Certes, de rares recoins de rue semblent servir de dépotoir et les travaux laissent de vilaines cicatrices dans le paysage, mais on est loin des scènes «choquantes» qu’a pu observer la bourgmestre, de nuit, en compagnie de la police, toutes vécues par les habitants, qui détaillent : bagarre, tapage, intimidation, racolage et, plus généralement, misère sociale.

Le jour également, précise Benjamin, un habitant du quartier, régulièrement interrompu par son petit garçon. En deux tirages de pantalon, son père plante le décor, depuis l’école précoce et fondamentale située rue du Commerce : «À droite, il y a les prostitués, devant, le sex-shop et, à gauche, c’est le marché de la drogue. Dès 17 h!»

Rien de tout ça n’est visible lors de la balade dominicale, en dehors d’inoffensifs et rares regroupements devant des immeubles ou les cafés ouverts. En son cœur, l’ambiance est tranquille, quasi récréative.

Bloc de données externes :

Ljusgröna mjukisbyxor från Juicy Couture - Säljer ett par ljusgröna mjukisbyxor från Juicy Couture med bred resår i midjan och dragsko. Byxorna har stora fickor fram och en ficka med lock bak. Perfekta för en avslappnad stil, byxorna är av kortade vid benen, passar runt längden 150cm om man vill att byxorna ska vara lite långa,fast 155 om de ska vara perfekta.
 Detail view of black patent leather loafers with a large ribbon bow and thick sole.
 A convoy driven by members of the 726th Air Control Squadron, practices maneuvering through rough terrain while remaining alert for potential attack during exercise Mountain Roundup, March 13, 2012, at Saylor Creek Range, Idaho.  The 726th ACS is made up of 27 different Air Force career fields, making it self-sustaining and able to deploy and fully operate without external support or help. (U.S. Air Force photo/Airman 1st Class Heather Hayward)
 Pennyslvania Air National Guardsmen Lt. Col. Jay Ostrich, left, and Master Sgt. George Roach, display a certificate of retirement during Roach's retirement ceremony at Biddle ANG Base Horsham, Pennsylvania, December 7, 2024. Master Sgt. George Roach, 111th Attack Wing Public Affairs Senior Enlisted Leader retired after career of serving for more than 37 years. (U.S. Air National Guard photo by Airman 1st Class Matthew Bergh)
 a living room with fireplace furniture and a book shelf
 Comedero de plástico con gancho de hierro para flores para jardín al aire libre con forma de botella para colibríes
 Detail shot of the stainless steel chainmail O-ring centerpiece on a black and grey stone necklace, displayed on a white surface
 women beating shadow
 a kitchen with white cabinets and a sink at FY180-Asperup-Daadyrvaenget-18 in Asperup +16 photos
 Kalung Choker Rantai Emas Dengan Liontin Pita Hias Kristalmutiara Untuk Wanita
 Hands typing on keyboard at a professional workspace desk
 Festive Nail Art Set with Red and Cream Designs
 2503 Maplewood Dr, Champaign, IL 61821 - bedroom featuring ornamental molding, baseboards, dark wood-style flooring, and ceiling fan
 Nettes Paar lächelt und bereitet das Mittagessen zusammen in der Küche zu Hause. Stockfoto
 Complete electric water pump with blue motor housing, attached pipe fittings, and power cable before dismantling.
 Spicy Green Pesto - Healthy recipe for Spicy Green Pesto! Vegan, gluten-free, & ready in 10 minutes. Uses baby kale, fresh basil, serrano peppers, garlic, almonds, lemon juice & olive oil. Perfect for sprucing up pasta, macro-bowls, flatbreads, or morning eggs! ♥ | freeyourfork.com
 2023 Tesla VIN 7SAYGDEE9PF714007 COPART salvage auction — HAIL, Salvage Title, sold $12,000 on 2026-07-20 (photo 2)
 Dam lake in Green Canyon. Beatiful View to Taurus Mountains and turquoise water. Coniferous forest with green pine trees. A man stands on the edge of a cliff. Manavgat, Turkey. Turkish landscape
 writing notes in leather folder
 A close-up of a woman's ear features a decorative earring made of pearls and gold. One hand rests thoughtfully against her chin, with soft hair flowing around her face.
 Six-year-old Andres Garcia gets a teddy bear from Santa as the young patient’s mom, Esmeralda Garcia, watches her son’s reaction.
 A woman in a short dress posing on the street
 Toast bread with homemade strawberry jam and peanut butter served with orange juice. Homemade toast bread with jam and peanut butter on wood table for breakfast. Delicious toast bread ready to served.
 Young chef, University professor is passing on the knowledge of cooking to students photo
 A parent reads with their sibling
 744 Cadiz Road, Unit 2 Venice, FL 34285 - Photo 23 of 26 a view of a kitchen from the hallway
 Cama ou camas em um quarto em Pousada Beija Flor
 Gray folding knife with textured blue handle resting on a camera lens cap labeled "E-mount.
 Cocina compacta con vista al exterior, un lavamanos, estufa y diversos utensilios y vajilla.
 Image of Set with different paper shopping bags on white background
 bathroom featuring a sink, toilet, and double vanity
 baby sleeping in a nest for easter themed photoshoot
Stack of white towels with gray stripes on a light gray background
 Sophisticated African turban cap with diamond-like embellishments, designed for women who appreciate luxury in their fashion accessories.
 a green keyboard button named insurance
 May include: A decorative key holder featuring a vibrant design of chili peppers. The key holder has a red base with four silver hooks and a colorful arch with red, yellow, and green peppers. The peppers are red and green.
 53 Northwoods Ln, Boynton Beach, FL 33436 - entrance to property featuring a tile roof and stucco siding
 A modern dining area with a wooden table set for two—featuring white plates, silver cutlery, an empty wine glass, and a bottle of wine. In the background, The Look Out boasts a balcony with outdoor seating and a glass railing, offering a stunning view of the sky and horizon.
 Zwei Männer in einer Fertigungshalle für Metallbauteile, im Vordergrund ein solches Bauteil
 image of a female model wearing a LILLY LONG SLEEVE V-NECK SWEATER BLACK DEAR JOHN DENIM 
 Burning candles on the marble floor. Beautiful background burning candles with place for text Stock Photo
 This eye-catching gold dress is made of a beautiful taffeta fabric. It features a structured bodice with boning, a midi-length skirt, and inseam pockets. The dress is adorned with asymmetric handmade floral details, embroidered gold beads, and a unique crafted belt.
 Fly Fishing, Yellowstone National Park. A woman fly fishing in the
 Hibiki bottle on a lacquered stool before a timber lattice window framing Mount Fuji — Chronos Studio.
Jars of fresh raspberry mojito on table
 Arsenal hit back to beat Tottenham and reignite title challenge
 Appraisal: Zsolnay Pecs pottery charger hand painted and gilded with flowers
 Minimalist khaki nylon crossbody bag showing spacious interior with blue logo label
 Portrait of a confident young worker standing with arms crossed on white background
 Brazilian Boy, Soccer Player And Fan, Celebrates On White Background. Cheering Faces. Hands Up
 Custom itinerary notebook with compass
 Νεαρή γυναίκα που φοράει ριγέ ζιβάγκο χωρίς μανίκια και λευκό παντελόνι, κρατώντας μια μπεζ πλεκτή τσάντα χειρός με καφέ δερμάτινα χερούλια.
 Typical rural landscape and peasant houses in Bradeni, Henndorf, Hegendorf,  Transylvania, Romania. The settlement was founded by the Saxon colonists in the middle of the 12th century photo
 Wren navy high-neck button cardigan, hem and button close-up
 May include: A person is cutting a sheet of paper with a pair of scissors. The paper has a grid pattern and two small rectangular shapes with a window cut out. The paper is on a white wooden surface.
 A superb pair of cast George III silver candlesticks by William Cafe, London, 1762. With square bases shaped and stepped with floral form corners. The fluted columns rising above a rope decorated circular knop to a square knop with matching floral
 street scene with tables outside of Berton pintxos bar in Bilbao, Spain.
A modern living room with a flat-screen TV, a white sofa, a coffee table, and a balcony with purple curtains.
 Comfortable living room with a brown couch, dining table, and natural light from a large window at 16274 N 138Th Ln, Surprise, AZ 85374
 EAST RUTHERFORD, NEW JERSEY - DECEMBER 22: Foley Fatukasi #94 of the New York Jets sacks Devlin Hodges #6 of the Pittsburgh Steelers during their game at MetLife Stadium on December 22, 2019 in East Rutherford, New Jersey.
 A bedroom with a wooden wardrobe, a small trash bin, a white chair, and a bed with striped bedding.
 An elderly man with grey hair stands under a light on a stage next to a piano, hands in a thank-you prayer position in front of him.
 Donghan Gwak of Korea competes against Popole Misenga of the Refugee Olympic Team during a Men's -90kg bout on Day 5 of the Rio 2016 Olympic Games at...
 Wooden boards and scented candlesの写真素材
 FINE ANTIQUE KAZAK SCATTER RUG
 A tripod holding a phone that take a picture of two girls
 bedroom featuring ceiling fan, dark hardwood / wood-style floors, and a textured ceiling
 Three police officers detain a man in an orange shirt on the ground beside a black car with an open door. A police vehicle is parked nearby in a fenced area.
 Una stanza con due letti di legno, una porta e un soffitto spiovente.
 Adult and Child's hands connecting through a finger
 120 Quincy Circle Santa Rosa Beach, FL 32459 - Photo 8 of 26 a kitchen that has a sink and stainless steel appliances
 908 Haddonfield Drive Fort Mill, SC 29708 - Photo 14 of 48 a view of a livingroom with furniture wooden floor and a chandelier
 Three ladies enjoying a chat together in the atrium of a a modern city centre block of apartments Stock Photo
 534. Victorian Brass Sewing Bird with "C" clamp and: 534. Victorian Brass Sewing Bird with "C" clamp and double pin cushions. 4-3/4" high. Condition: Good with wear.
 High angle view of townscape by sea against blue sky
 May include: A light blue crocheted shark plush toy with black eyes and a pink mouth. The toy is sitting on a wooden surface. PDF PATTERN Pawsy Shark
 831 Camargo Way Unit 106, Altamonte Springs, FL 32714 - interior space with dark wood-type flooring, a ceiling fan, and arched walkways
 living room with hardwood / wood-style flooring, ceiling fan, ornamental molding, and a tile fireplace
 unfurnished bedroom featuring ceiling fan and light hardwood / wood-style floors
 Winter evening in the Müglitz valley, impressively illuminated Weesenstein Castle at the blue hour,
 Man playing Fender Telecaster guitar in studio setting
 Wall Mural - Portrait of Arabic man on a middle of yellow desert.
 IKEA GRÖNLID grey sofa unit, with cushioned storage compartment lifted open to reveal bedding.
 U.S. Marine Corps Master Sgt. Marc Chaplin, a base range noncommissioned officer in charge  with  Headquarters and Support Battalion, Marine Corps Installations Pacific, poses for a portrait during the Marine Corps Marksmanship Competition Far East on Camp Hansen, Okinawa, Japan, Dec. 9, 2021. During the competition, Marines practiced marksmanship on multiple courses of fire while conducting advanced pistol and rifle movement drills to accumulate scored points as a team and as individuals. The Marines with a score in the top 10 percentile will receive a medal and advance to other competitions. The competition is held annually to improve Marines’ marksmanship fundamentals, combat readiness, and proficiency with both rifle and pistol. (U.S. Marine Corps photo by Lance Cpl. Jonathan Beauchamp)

L’université a distribué de petits appareils photos jetables, et les images prises par le public tomberont plus tard sur les bureaux de la Ville. Et dans les rangs, on se plie à l’exercice de la promenade, bien que la tête soit à d’autres préoccupations.

Ici et là, on parle alors de syndicat de copropriété, du prix des logements et d’un problème de parking à Hollerich (objet d’une réunion dans une semaine). Prabu y sera, car c’est son quartier, mais d’où il tire les mêmes conclusions : «Il y a un déplacement des problèmes de la gare ailleurs», comme devant son immeuble, où les squats et les seringues usagées abandonnées au sol sont des problèmes réguliers. «Le soir, on n’est pas rassurés», confie-t-il, au point parfois de se retenir de sortir avec sa petite fille.

Luxembourg, capitale cosmopolite à défendre

Mais l’homme est aussi bienveillant, lui qui en a déjà vu d’autres lors de ses voyages et résidences dans différentes «capitales». Une question toutefois le trouble : «Pourquoi au Luxembourg, où il y a tant de moyens, on n‘arrive pas à contrôler une si petite zone?»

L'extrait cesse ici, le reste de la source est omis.